Reasonable Words: Enrique Vila-Matas

Still humming from reading Dublinesque, a book that gets inside your mind via the mind of the protagonist, the recently retired, somewhat fraught ex-drinker, Riba, who was a Barcelona publisher of ambitious literary fiction.

He never found the genius writer he was looking for, and now, in his 60s, has come up with the dubious idea of getting a group of friends together to go to Dublin to conduct a requiem for the Gutenberg Age, with, among many other Joycean subtexts, the ongoing challenge of staying on the wagon despite nightly visits to Irish bars, including one fateful one he’s seen in a dream.

It’s a gorgeously written book, and accordingly one that I’m savoring by a reading only a few pages, sometimes just a few paragraphs, at a time. A sample taste, from p. 148. The group of mourners/celebrants has finally made it to Ireland; they have an old car and are tooling around:

Time: Around two in the afternoon.
Day: Sunday June 15.
Place: The port of Howth, at the north end of Dublin Bay. Less than a mile from here is Ireland’s Eye, a rocky seabird sanctuary built on the ruins of a monastery.
Characters: The four travelers in the Chrysler.
Action: They park at the edge of the town, the foot of the cliffs where Nietzky, who knows the place, has suggested they walk for a while. They stride along a path through the rocks, and once a certain amount of vertigo has been overcome–blue and gray lights in the fishing port, and high up, in the sky, scudding clouds over the Irish Sea–Riba can finally see Dublin. He still hasn’t seen the city, despite already having been on the island for some hours.

Even though it’s so far off, he finally sees something of Dublin, sees it from high on these cliffs that rise up from the sea. Flocks of birds float on the water. The fascinating sadness of the place seems accentuated by the sight of these fleets of somnolent birds, in the middle of the day, and it’s as if the void becomes intertwined with the deep sadness, which from time to time finds its voice in the shrieking of a gull. A magnificent landscape, boosted by his enthusiastic state of mind that comes from feeling he’s in a foreign land.
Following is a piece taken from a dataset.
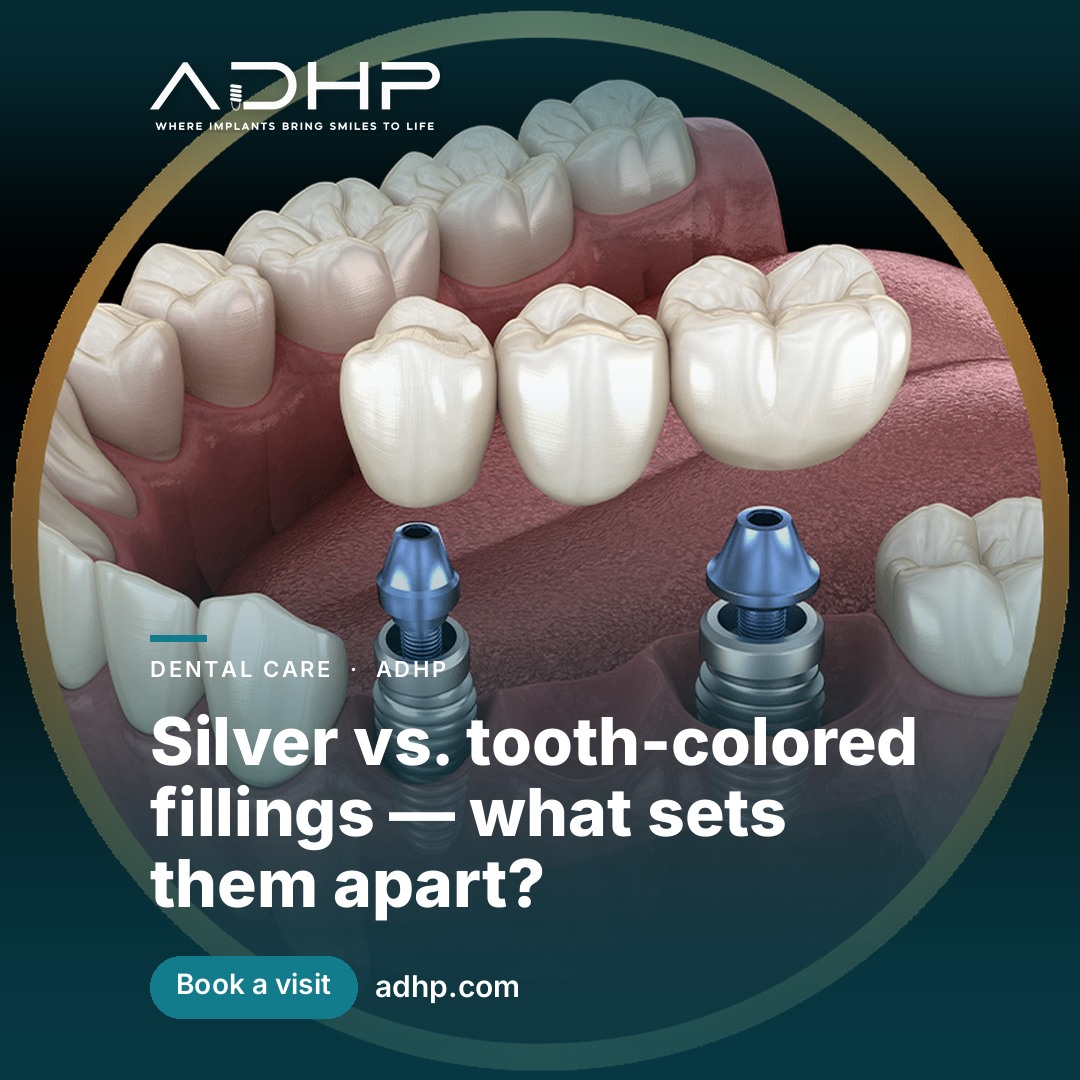 Silver vs. tooth-colored fillings — what sets them apart?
Timidly moved, Riba recalls a poem by Wallace Stevens, “The Irish Cliffs of Moher”:

They go to the cliffs of Moher rising out of the mist,
Above the real,

Rising out of present time and place, above
The wet, green grass.

This is not landscape, full of the somnambulations
Of poetry

And the sea. This is my father or, maybe,
It is as he was,

A likeness, one of the race of fathers: earth
And sea and air.

There’s Dublin, slightly hazy in the middle of the bay. A girl goes by with a portable radio playing “This Boy,” by The Beatles. And the song gives him a sudden feeling of nostalgia for the time when he too was close to the “race of fathers.” He’s not young anymore and doesn’t know if he can bear such beauty. He looks at the sea again. He takes a few steps toward the rocks and immediately feels that he ought to stand still, because if he keeps on walking he’ll probably end up staggering along, blinded by tears. It’s a secret emotion, hard to communicate. Because how can he tell the truth and let his friends know he’s fallen in love with the Irish Sea?

This is my country now, he thinks.

Before, when he drank, Riba didn’t distinguish between strong and weak emotions, or between friends and enemies. But his recent lucidity has slowly given him back his capacity for boredom, and also for excitement. And the Irish Sea–over which he now imagines a great mass of gray clouds with silver edges floating–seems to him the most superb incarnation of beauty, the highest expression of that which disappeared from his life for so long and which now–it’s never too late–he has found all at once, as if he were in the middle of a great storm, feeling like a man who senses his life is going downhill, yet is faced with the unmistakable beauty of a gray sea edged with silver, and which he’ll never forget as long as his memory serves him.